Un interessante articolo di Emilio Sacerdoti, consulente della Banca mondiale per gli investimenti e il Fmi, pubblicato su la voce.info, traccia un quadro esauriente e scientificamente fondato sulla situazione attuale e soprattutto sulle previsioni dello sviluppo del fenomeno migratorio da quella parte del mondo. E si pone la domanda fondamentale. Ma è realisticamente possibile porre fine ai flussi migratori? La risposta è che le differenze di reddito fra i paesi di origine e quelli di arrivo e le pressioni demografiche continueranno a costituire un fattore di emigrazione molto forte anche nei prossimi anni. Tuttavia, se fosse possibile generare tassi di crescita economica elevati nei paesi di origine e por fine ai conflitti interni, le prospettive di ridurre le entità dei flussi migliorerebbero.

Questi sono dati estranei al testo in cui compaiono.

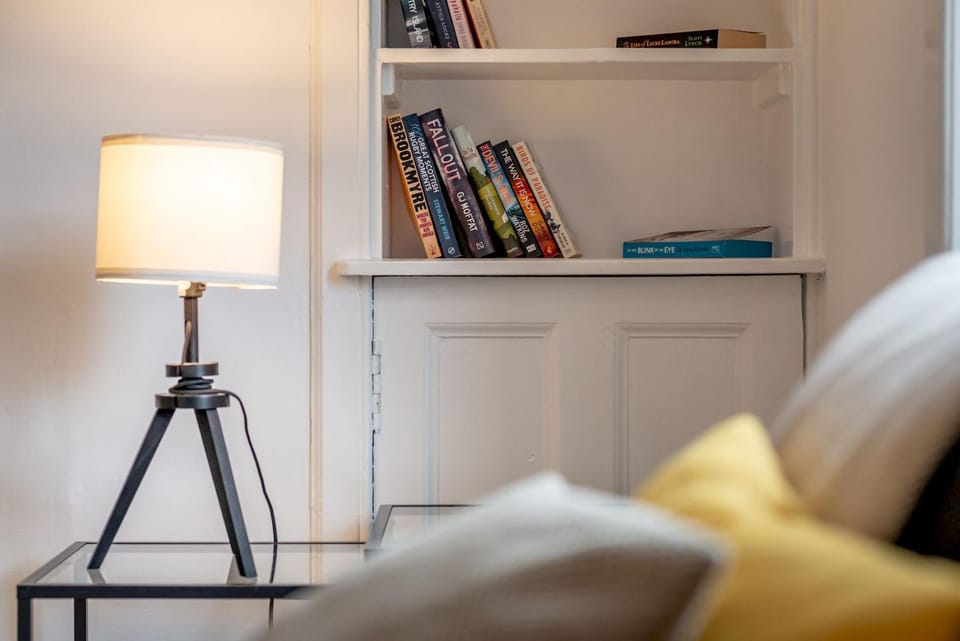 Communal lounge/ TV room, Living room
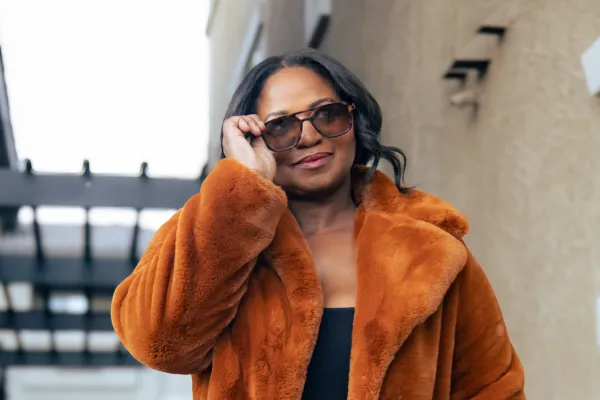 Jennifer with sunglasses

Ecco le principali argomentazioni sviluppate da Sacerdoti:

Tab. 1: Numero di migranti dell’Africa subsahariana (dati in milioni di persone)

«Per quanto concerne l’Africa subsahariana, la gran parte dei flussi migratori (70 per cento del totale dello stock di migranti nel 2013) avviene all’interno del continente, fra paesi limitrofi, determinati soprattutto da fattori economici. La Costa d’Avorio, con un’agricoltura prospera, da sempre attrae lavoratori dai paesi vicini, e così l’Africa del Sud; verso Uganda e Tanzania si dirigono lavoratori da Burundi e Sudan del Sud, dilaniati da guerre civili.
Ma allo stesso tempo sono cresciuti i flussi di migranti economici verso paesi fuori dell’area. I dati disponibili indicano che nel 2013 lo stock delle persone emigrate era di 20 milioni, di cui 13 milioni all’interno dell’area e 7 milioni al di fuori (0,7 per cento della popolazione globale di 900 milioni, tasso più basso rispetto ad Asia del Sud e Medio Oriente). Di queste persone emigrate, i rifugiati sarebbero solo il 10 per cento, ossia 2 milioni, mentre nel 1990 erano quasi la metà.

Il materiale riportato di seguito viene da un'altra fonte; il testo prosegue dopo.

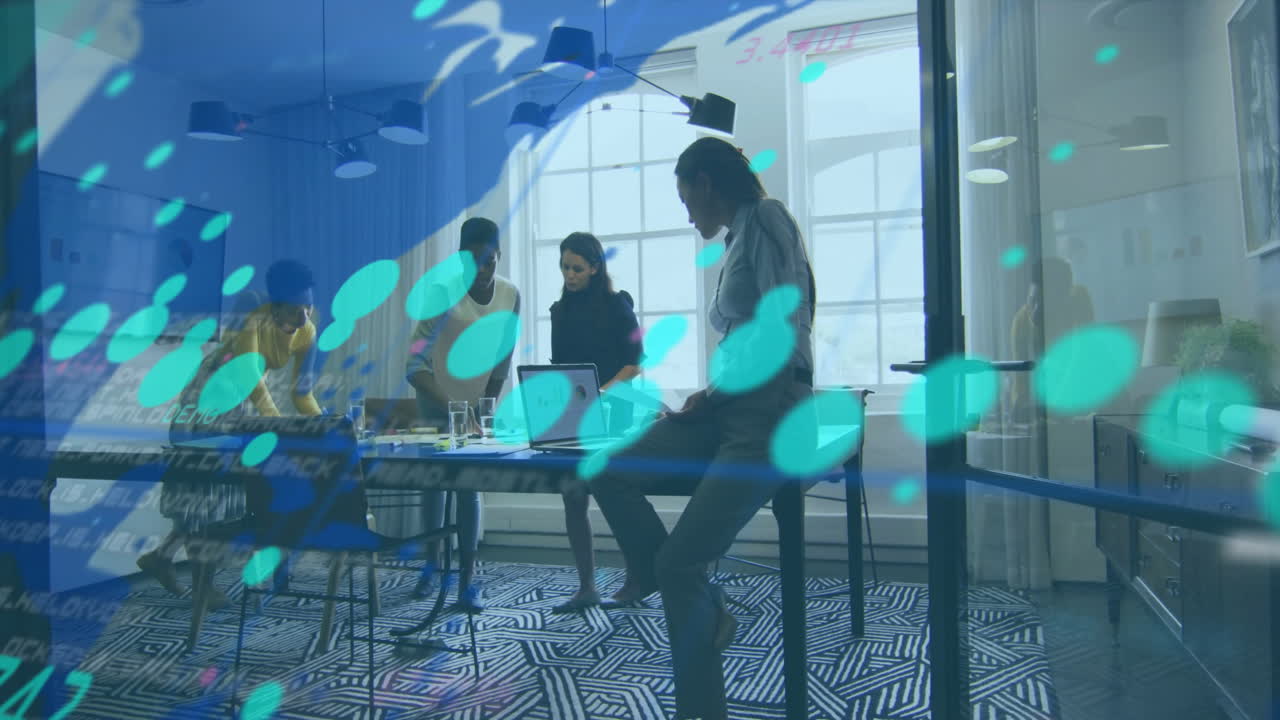 анимация обработки финансовых данных над различными деловыми людьми в офисе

Nel periodo 2013-15 sette paesi africani hanno registrato tassi di crescita superiori al 6 per cento. La crescita sostenuta riduce le migrazioni (per esempio da Ruanda, Tanzania, Mozambico, Costa d’Avorio). Ma è indispensabile che la situazione politica promuova stabilità e inclusione: le politiche repressive in Etiopia, Eritrea e fino a poco tempo fa Gambia hanno stimolato l’emigrazione, nonostante i miglioramenti dell’economia.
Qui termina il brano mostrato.